EXERCISE OBJECTIVE: Pictures in the entries below are excluded; copy only the lines from the one containing "dal2ra's tweet image." to the one containing "thanks osu for", both included.

RECORDS SHOWN:
· · · ·
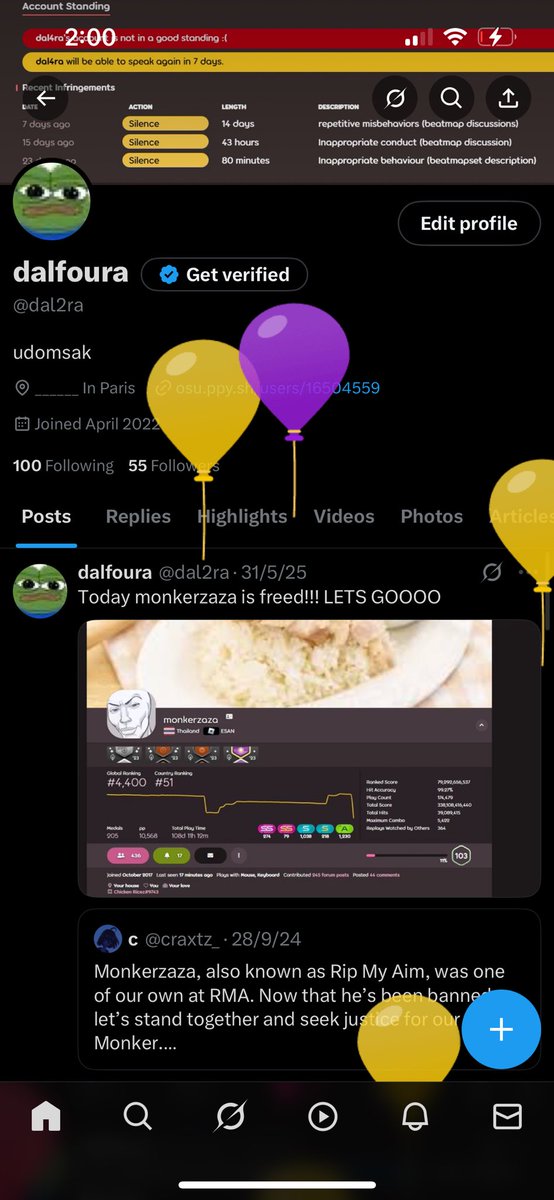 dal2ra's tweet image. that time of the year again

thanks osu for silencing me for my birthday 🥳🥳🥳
· · · ·
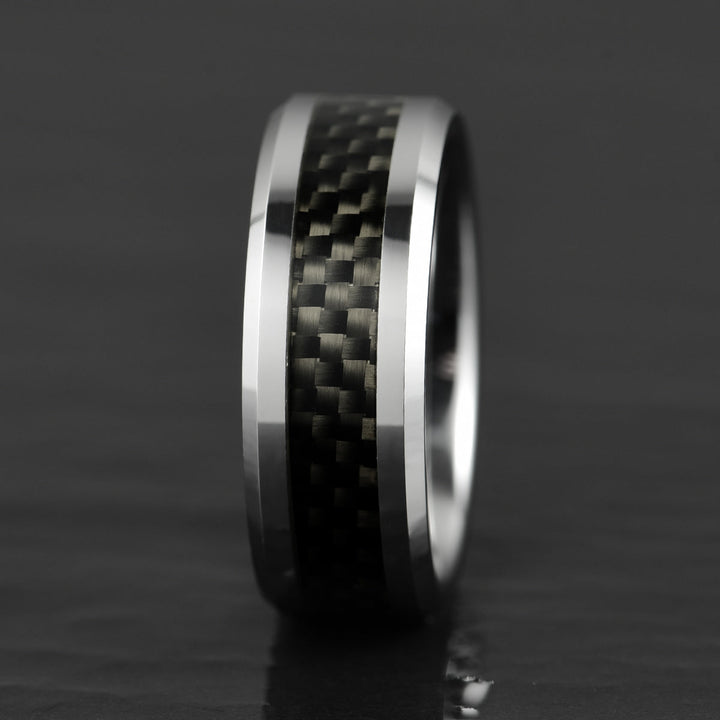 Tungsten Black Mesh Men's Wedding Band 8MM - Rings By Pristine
· · · ·
SOLUTION TO THIS PROBLEM:
 dal2ra's tweet image. that time of the year again

thanks osu for silencing me for my birthday 🥳🥳🥳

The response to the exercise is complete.